AIM OF THE TASK - Omitting the pictures, print every line below exactly as it stands.

SUPPLIED DATA -
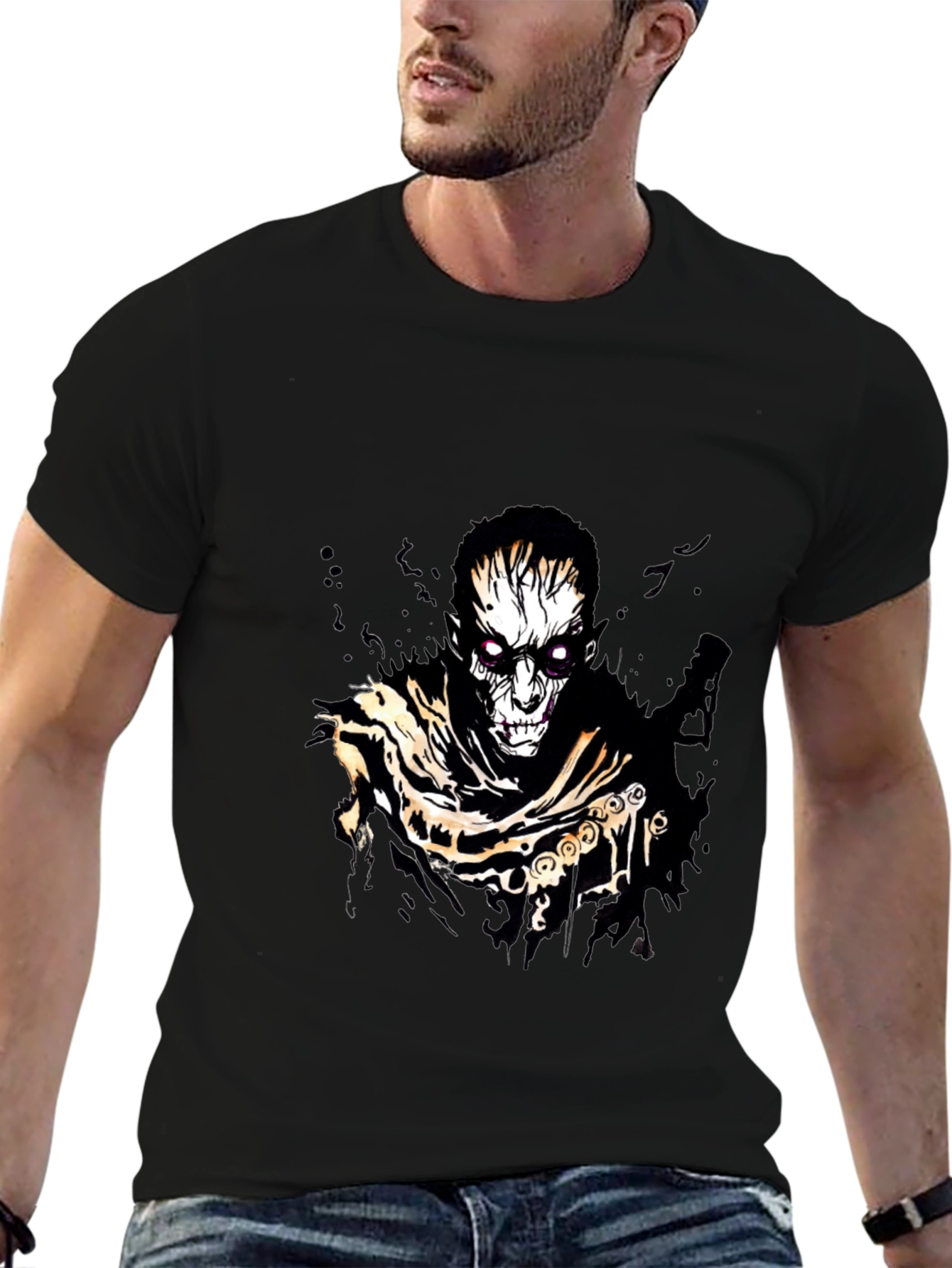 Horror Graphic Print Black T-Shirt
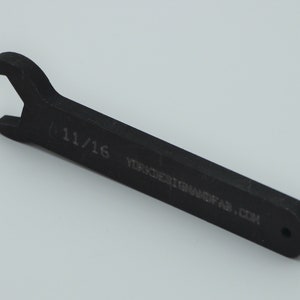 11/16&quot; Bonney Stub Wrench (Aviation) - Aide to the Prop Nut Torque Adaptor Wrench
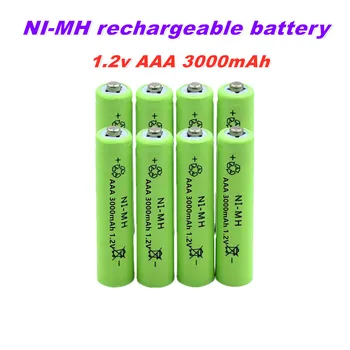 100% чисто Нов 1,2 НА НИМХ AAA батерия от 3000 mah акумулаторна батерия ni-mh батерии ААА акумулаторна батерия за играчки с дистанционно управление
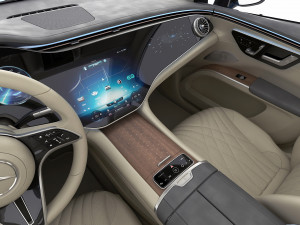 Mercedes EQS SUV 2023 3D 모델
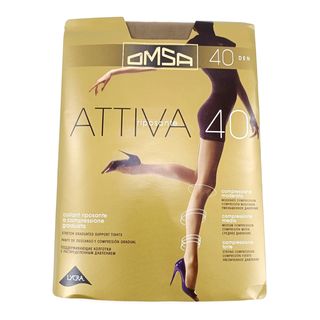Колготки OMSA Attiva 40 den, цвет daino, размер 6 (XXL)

RESPONSE -
 Horror Graphic Print Black T-Shirt
 11/16&quot; Bonney Stub Wrench (Aviation) - Aide to the Prop Nut Torque Adaptor Wrench
 100% чисто Нов 1,2 НА НИМХ AAA батерия от 3000 mah акумулаторна батерия ni-mh батерии ААА акумулаторна батерия за играчки с дистанционно управление
 Mercedes EQS SUV 2023 3D 모델
Колготки OMSA Attiva 40 den, цвет daino, размер 6 (XXL)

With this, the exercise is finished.